Ping with a 1501 bytes packet doesn't:

root@CumulusVX-L1:~# ping -I vni-101001 -c 3 10.0.1.2 -M do -s 1473
PING 10.0.1.2 (10.0.1.2) from 10.0.1.1 vni-101001: 1473(1501) bytes of data.
From 10.0.1.1 icmp_seq=1 Frag needed and DF set (mtu = 1500)
From 10.0.1.1 icmp_seq=1 Frag needed and DF set (mtu = 1500)
From 10.0.1.1 icmp_seq=1 Frag needed and DF set (mtu = 1500)

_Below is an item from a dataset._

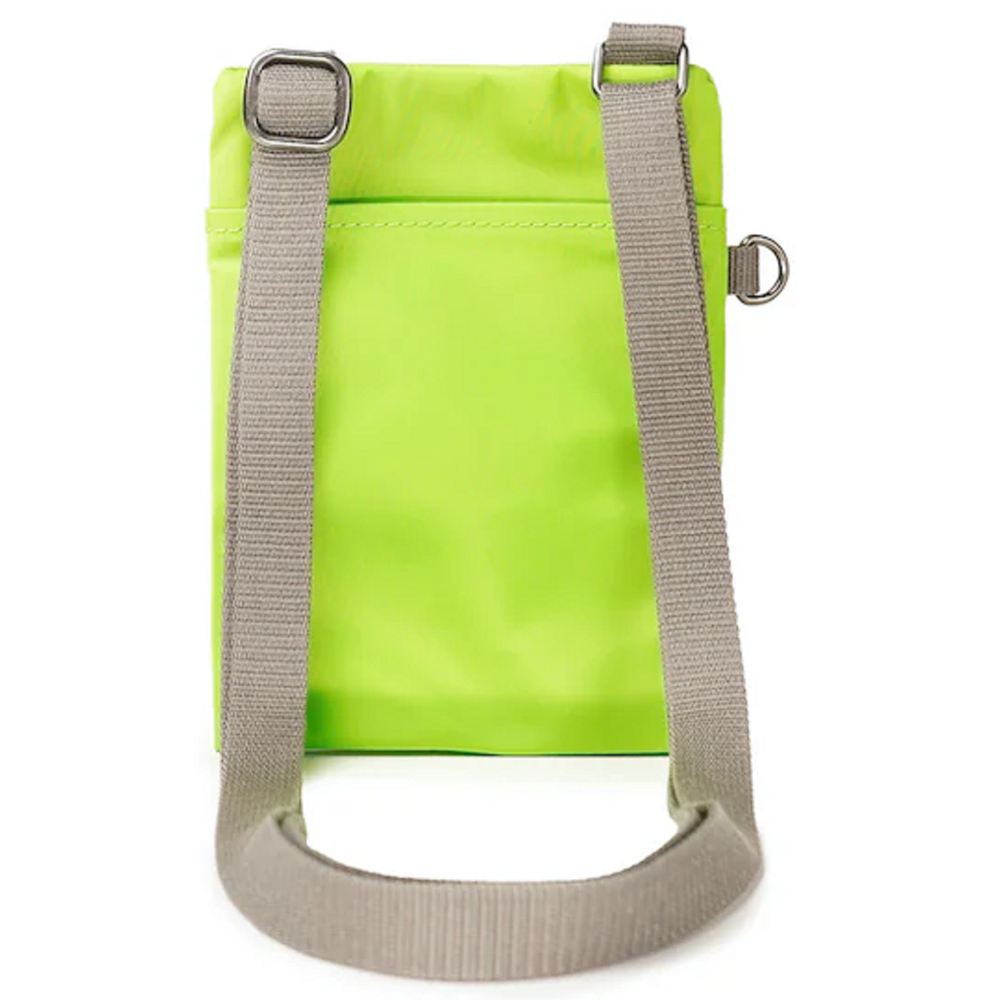 Roka Chelsea Recycled Nylon Lime Bag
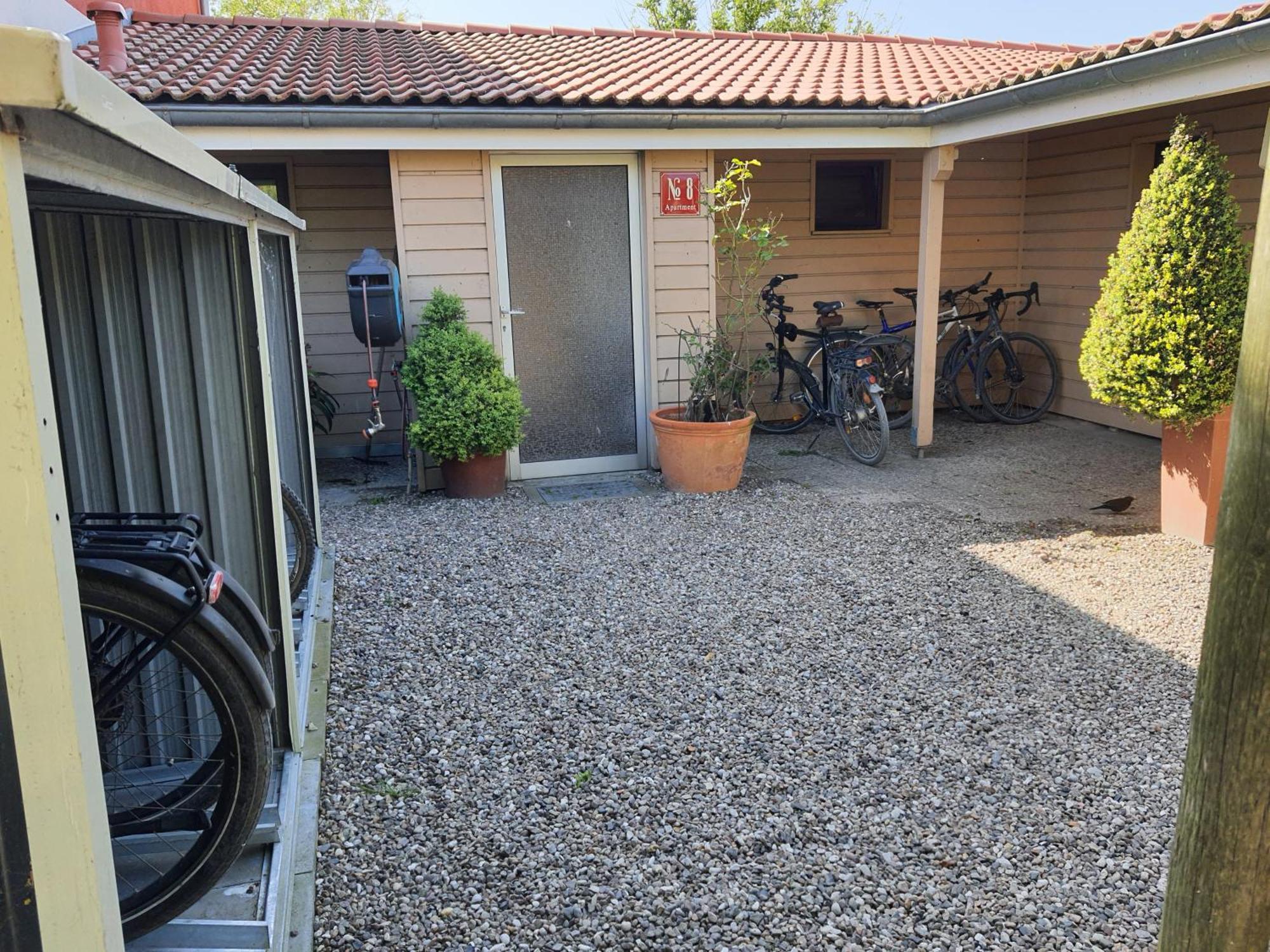 Haus Achtern Diek In Erster Reihe Am Meer Фемарн Экстерьер фото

This is the MTU as set by default:

cumulus@CumulusVX-L1$ ip link show vni-101001
15: vni-101001: mtu 1500 qdisc noqueue master br-10 state UNKNOWN mode DEFAULT
link/ether 56:e3:f4:b0:fe:20 brd ff:ff:ff:ff:ff:ff

If I try to increase the MTU on the VXLAN interface

cumulus@CumulusVX-L1$ sudo ip link set mtu 1600 dev vni-101001
RTNETLINK answers: Invalid argument

cumulus@CumulusVX-L1$ sudo ip link set mtu 1400 dev vni-101001
cumulus@CumulusVX-L1$

cumulus@CumulusVX-L1$ sudo ip link set mtu 1500 dev vni-101001
cumulus@CumulusVX-L1$

cumulus@CumulusVX-L1$ sudo ip link set mtu 1501 dev vni-101001
RTNETLINK answers: Invalid argument

In terms of the output you requested:

cumulus@CumulusVX-L1$ uname -a
Linux CumulusVX-L1 3.2.65-1+deb7u2+cl2.5+2 #3.2.65-1+deb7u2+cl2.5+2 SMP Wed Jul 29 14:21:03 PDT 2015 x86_64 GNU/Linux

cumulus@CumulusVX-L1$ lsb_release -a
No LSB modules are available.
Distributor ID: Cumulus Linux
Description: 2.5.6-f23440b-201601151545-build
Release: 2.5.6
Codename: wheezy

To close this off, it now works. The problem seemed to be my frankenstein OS version. It started with 2.5.3 and had some upgrades applied (to 2.5.6) before I realised that this wasn't supported.

I've reinstalled with 2.5.5 (made much easier by having 95% of my config applied using Ansible) and I can now increase the MTU on the VXLAN (vtep) interface. This is also reflected in the bridge MTU.